Thus came the idea of postcards (on display in the exhibition) to tell the world of these goings-on, and thus were born the mythic characters of Heather and Ivan Morison the gardeners - a kind of heterosexual horticultural Gilbert and George. The couple met when they were studying in Brighton in the early 1990s, but the comic, mildly smutty texts that adorn their postcards make them seem a fiction: "Ivan Morison is astounded by the excellent progress of the plants in his greenhouse. His Long Green Stripped marrows are developing well, as are his Ornamental gourds and Atlantic Giant pumpkins." From here their work spread into films, drawings and sound recordings, all executed with a light documentary touch.

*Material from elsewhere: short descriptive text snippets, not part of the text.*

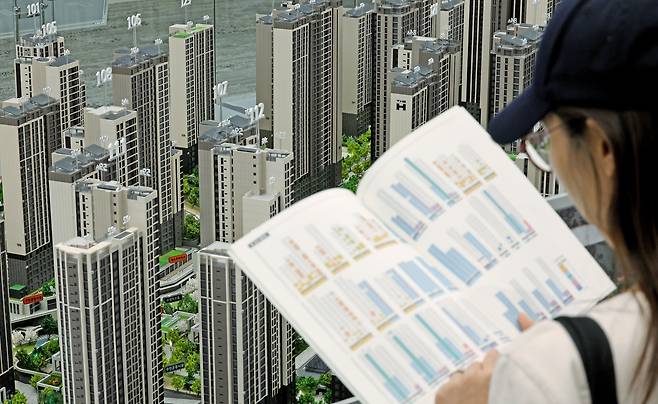 지난 8월 16일 서울 서초구에서 개관한 디에이치 방배 견본주택을 찾은 예비 청약자들이 아파트 단지 모형을 살펴보고 있다. /뉴스1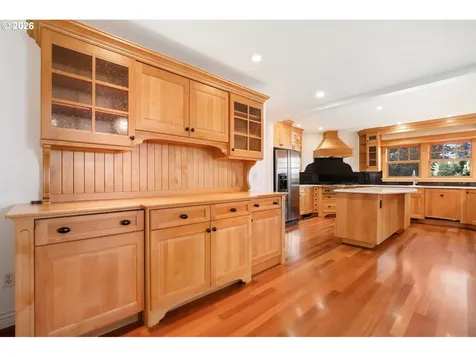 17151 Wall Street Lake Oswego OR 97034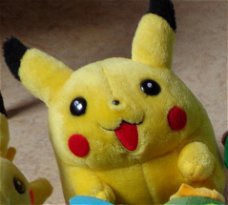 pokemon knuffel PIKACHU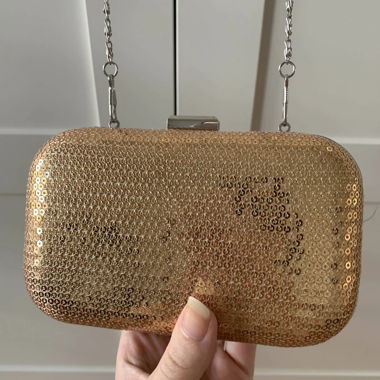 Elegante Clutch mit goldenen Pailletten
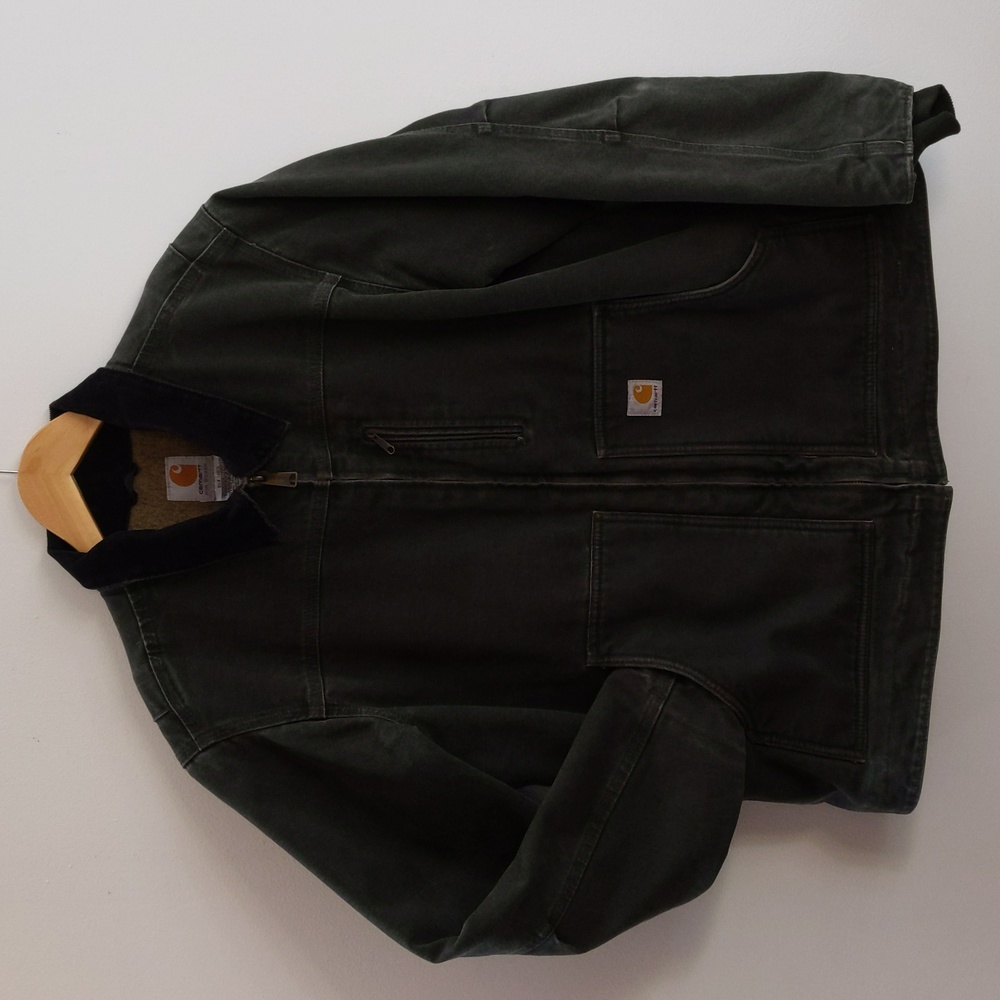 Broken-in women's Carhartt jacket, large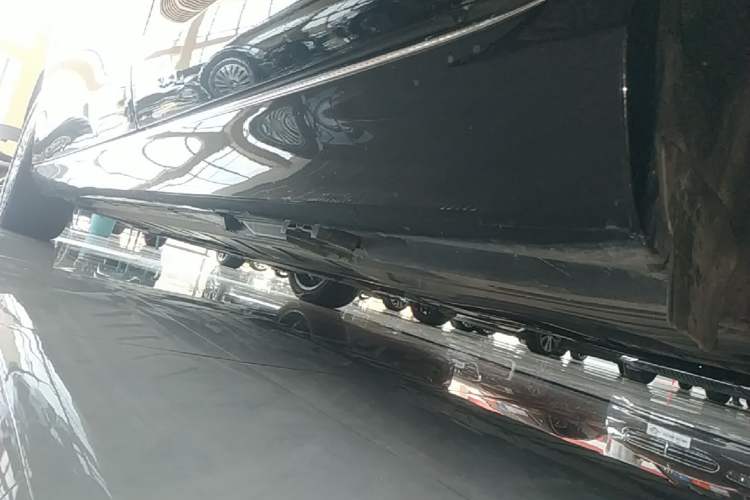 Used Mercedes-Benz E-Class 2022 Revised Version E 300 L Luxury Edition Left Side Sill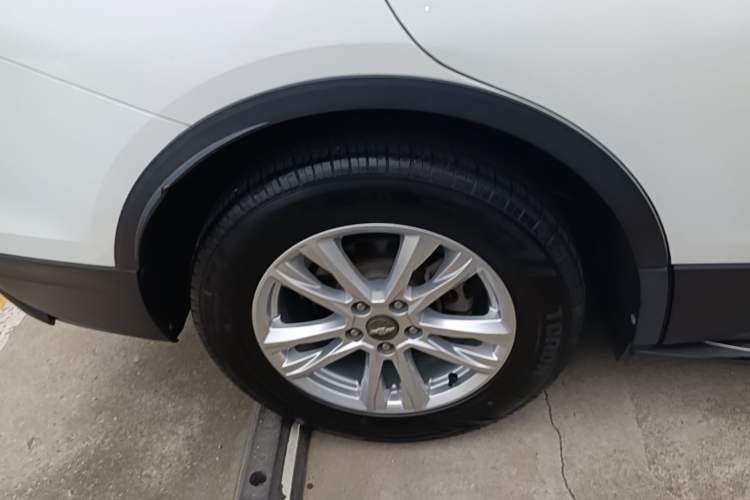Used Chevrolet Equinox 2018 535T Automatic YuJie Edition Exterior 5
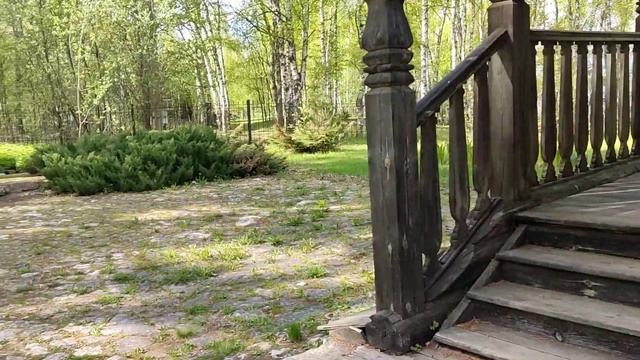 Церковь Серафима Саровского в настоящем оазисе на берегу моря.Смотрите,видео вызывает релакс и поко смотреть онлайн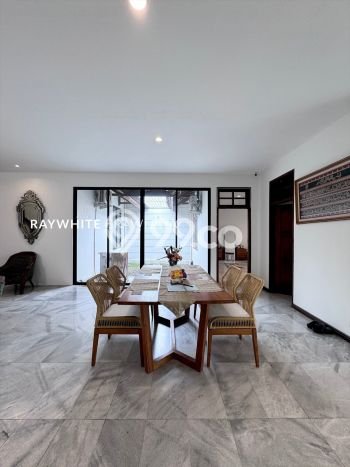 Rumah Elit LB 300m2 Siap Pakai Desain Elegan di Lebak Bulus, Jakarta Selatan Rumah Elit LB 300m2 Siap Pakai Desain Elegan di Lebak Bulus, Jakarta Selatan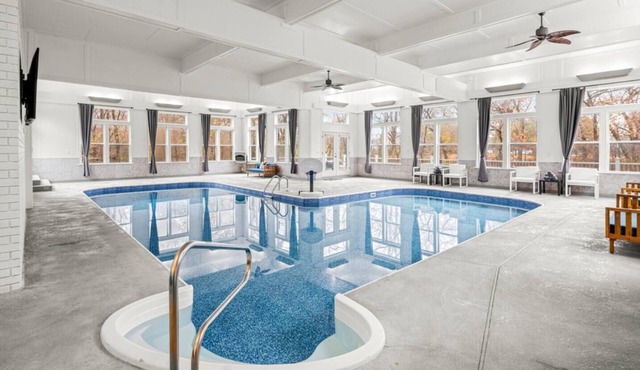Arkansas Grand Oasis: Heated Indoor Pool, Hot Tub & More!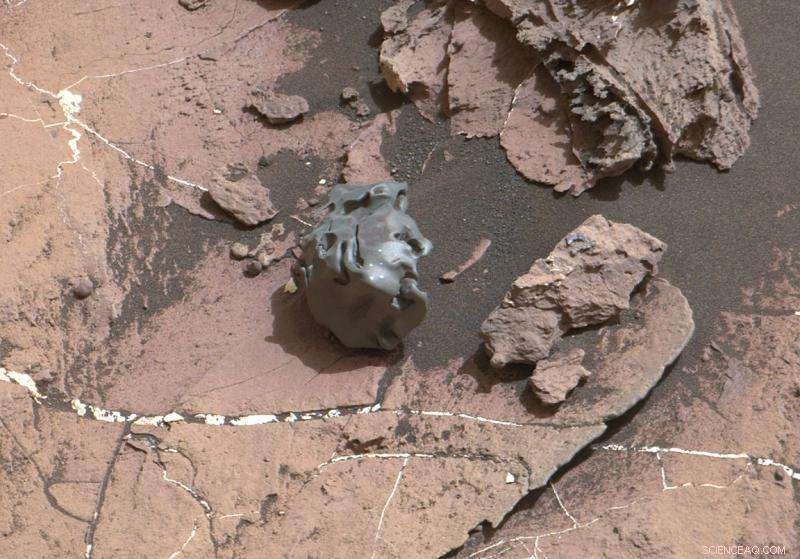 Curiosity Rover Detects Possible New Meteorite on Mars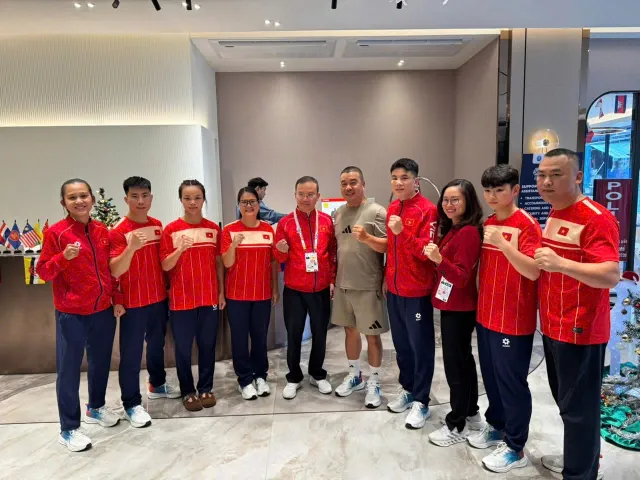 Trưởng đoàn Nguyễn Hồng Minh thăm, động viên tinh thần thi đấu đội MMA tại SEA Games 33- Ảnh 2. Trưởng đoàn Nguyễn Hồng Minh thăm, động viên tinh thần thi đấu đội MMA tại SEA Games 33- Ảnh 2.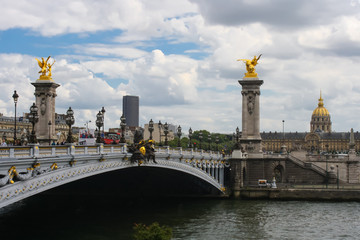 Fototapeta na wymiar view of the bridge over the seine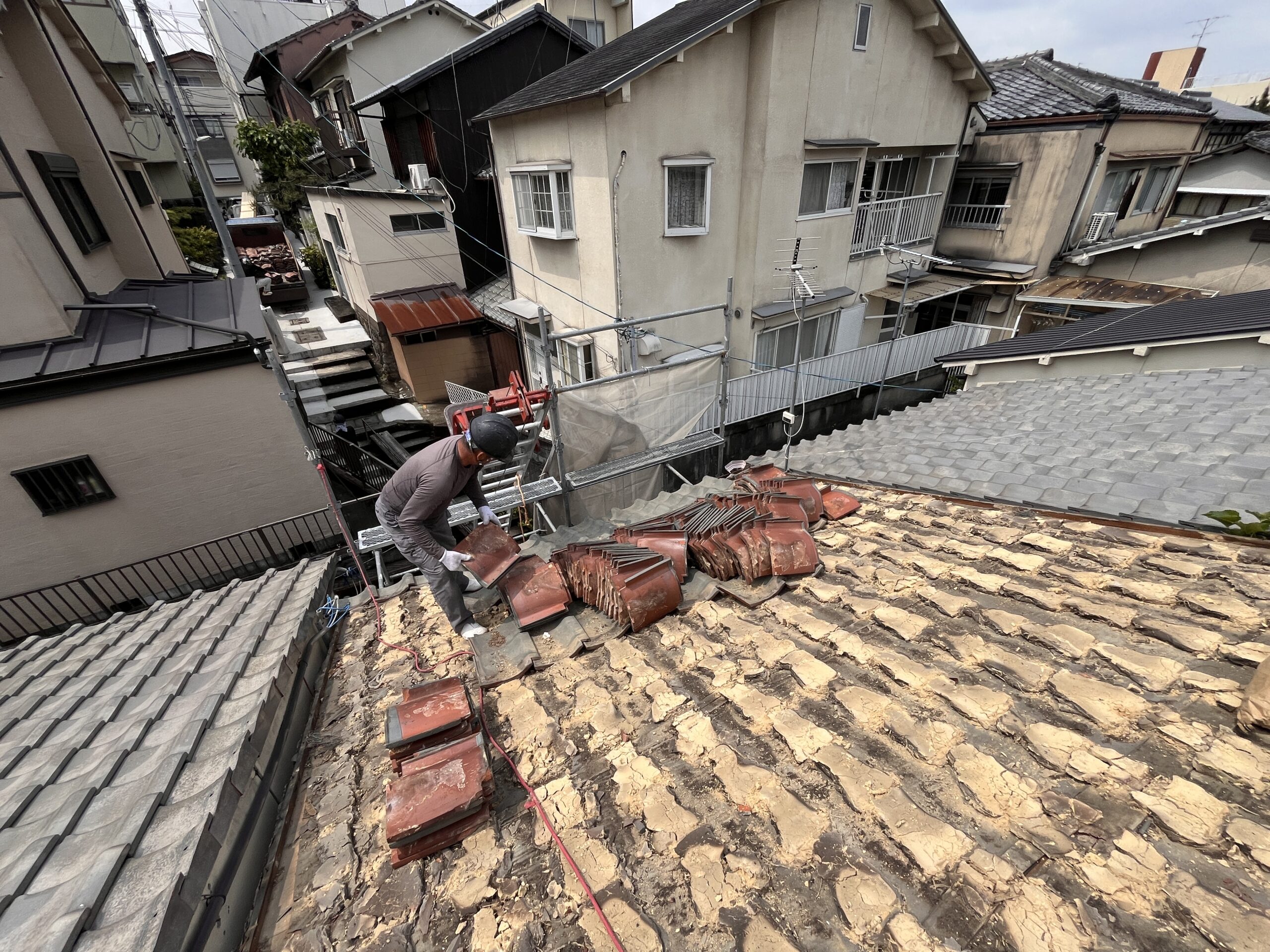 Construction waste disposal from roof tile removal in Kyoto
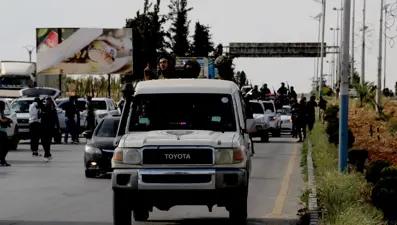 PKK/YPG'li 250 terörist Halep'ten çekilmeye başladı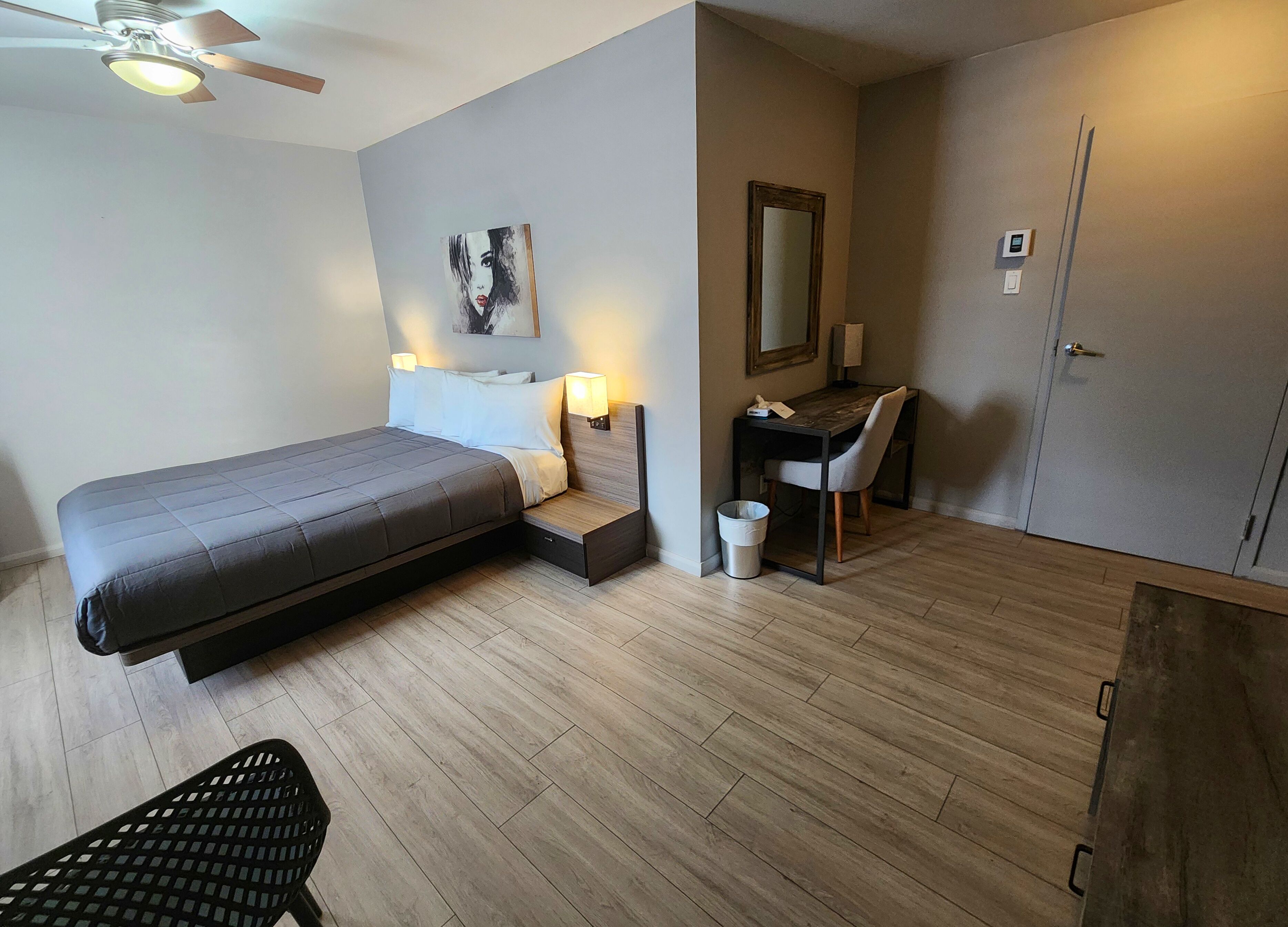 经典客房, 1 张特大床 | 笔记本电脑工作区、免费 WiFi、床单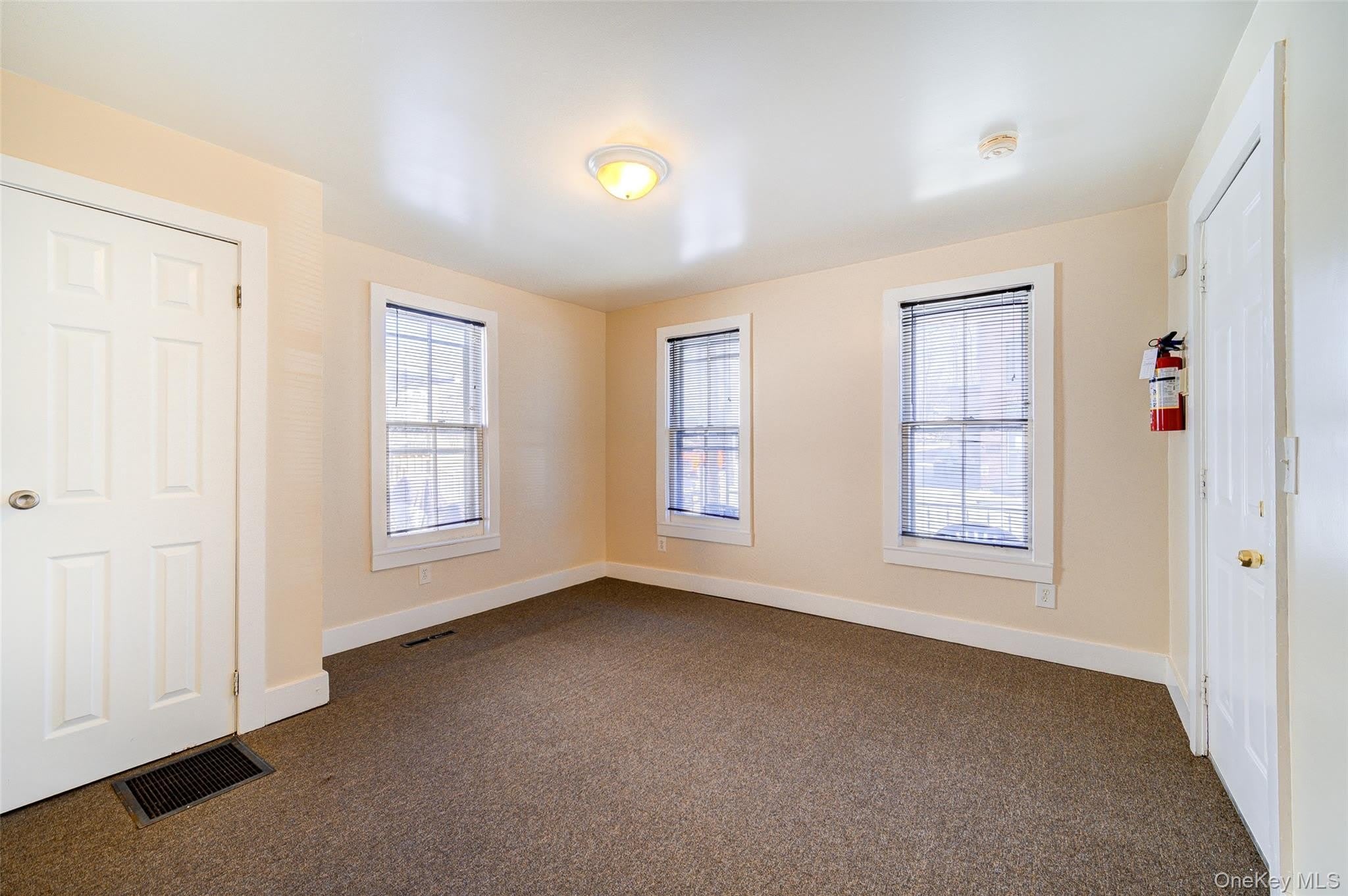 82 Sprague Avenue – photo 4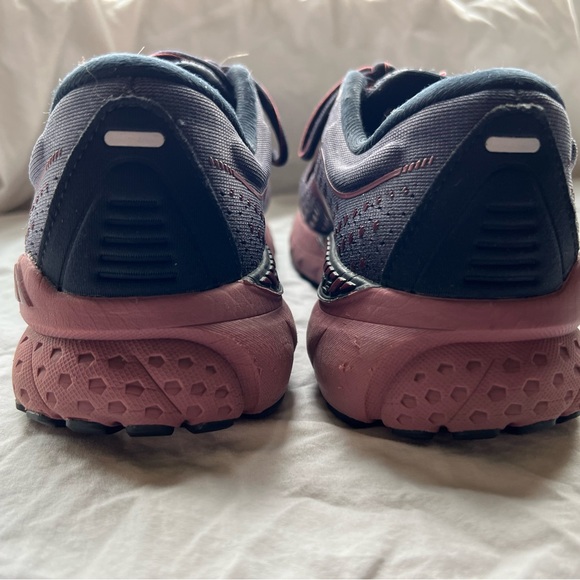 Brooks adrenaline running shoes - Picture 4 of 5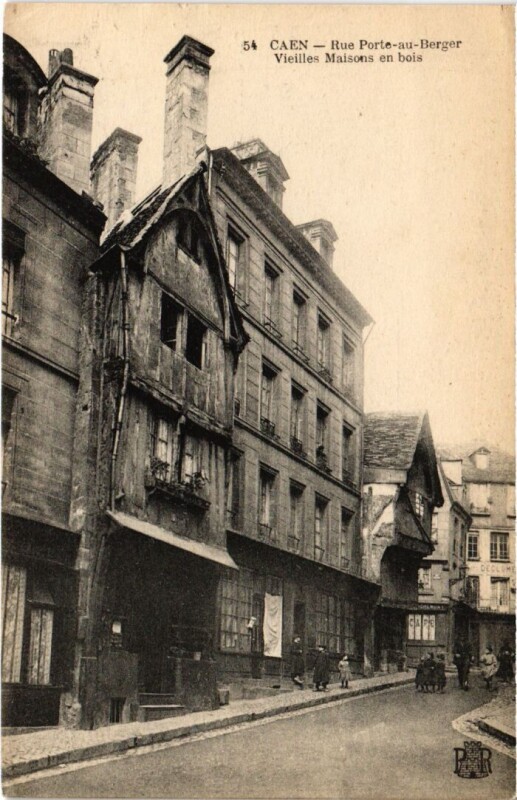 Carte postale ancienne Caen Rue Porte au Berger, Vieilles Maisons France à Maisons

In reality the allotment is an odd mix of working garden and artists studio. When Heather showed me round she seemed to think it important to point out where they did the potting, but then almost neglected to mention that there was a clay model of John F. Kennedy under the garden seat, that Marilyn Monroe had been lost presumed dead when the apple tree collapsed on her, and that there was also an entire "lost tribe" beneath the tangled gooseberry bush.
Ivan couldn't join us to explore these wonders as he was away in Rotterdam where the couple are working on another horticultural project. However with the aid of a laptop computer propped in the greenhouse, Heather was able to show me a film of Ivan in the flesh - naked in fact - beckoning the viewer into the garden from beyond the flowers.
Ironically perhaps, it is the couple's success with their "allotment art" which has led to the somewhat overgrown state that the place is in now. The postcards led to a range of commissions from galleries and the two have spent the past 18 months taking residencies in far-flung parts. In New Zealand they have recorded the "queenless roar" of bees when their mother is taken from the hive; in Siberia they've mourned the disappearance of Siberian larches; and to while away four weeks spent on a container ship from Shanghai to Auckland, they wrote a sci-fi novel.
Heather admitted that there might come a time when their art leaves their garden behind. What would take its place, I ask. "Well, you know," she says, gazing dreamily out of the greenhouse, "we'd really like an arboretum."